How did the justices determine that fabric slivers would save our neighborhoods and were worth limiting freedom of speech? Did they "know it when they saw it" -- or had they even seen it?

To gauge the expression of All Nude Girls, I decided to take in their symbolic speech myself. Unless I saw, I would never know if communication of a bare nipple is muffled by a tiny doily or a mohawk of pubic hair by a thong. I wondered if any justices had used the ruling like I did, as a good excuse for their first visit to a strip club.

I invited my friend Karen, who had been to stripper bars before, and my friend Julia, who had not. We picked a "Gentlemen's Club" in downtown Washington with no cover or drink minimum. As we waited in line, I asked the chatty doorman about the Supreme Court ruling, and he quickly answered, "It's expression as far as I'm concerned." He then defended the stripping biz with logic as twisty as O'Connor's: A) His day job is teaching autistic children, so B) he's a good guy, so C) strip clubs must be OK.

As we walked in, a wholesome redhead named Angel was swinging her bare moneymaker around the tiny stage, a 5-foot square raised a foot-and-a-half off the ground. A horizontal bar hung above; the girls steadied themselves with it, swung from it and occasionally did pull-ups. The ceiling was low enough that the tallest girl, a Russian immigrant called Star, scraped her platform shoe on it during a Rockette kick.

There was no backstage, so each dancer hobbled up from one end of the long room in her 5-inch heels and tight dress. The previous dancer, after pulling her clothes back on, gave the new one a hand up, then stepped gingerly off the platform and hobbled back to the dressing room. The new dancer hung up her purse, then grabbed a bottle of Windex from behind a lami curtain and washed the previous girl's sweat off the mirror behind the stage. Performing these homey rituals every two songs turned the gorgeous, costumed artistes into sexy domestics, which seemed possibly intentional.

The moment I took out my notebook, a second doorman rushed over to ask what I was writing. I said the Supreme Court ruling had brought me out and he rejoined aggressively, "I don't see any secondary effects, do you? I don't see any prostitution or drug dealing, do you?" I didn't, though the girls did spend a lot of time working the room and sitting with the men who stuffed the most into their garters. And when I returned to my car at the end of the evening, lo and behold, my car stereo had been stolen. Whether the thief was spurred on by un-G-strung labia I will never know.

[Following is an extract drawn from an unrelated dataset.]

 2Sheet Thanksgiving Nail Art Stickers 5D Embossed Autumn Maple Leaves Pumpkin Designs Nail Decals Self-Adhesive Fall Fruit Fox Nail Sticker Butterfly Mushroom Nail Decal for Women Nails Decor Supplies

We watched all 10 dancers express themselves twice, and each of us could pinpoint our moment when it plunged from intriguing to banal (about an hour and a half for me). Until that crash, the perfect bodies in motion held our attention along several tracks, including the tangential lust generated by watching, with men, a beautiful naked person 7 feet away. But, unlike our fellow patrons -- mostly young, handsome, preppy guys with zombie faces -- we also got to study hair-removal techniques close up and envy/marvel at their flawlessness. All three of us independently went "yeah" and pumped our fists like March Madness fans when one leggy beauty twisted just the right way to summon a whisper of cellulite on her butt for a few seconds.

Angel, Star and the rest used light, music, movement and their bodies to create an illusion, just like any theater performance. (An Erie production of "Equus," featuring naked people, was not prosecuted under the nudity ordinance.) Nudity on stage always packs a dramatic punch, and the strippers' artistic arsenal would be compromised without it.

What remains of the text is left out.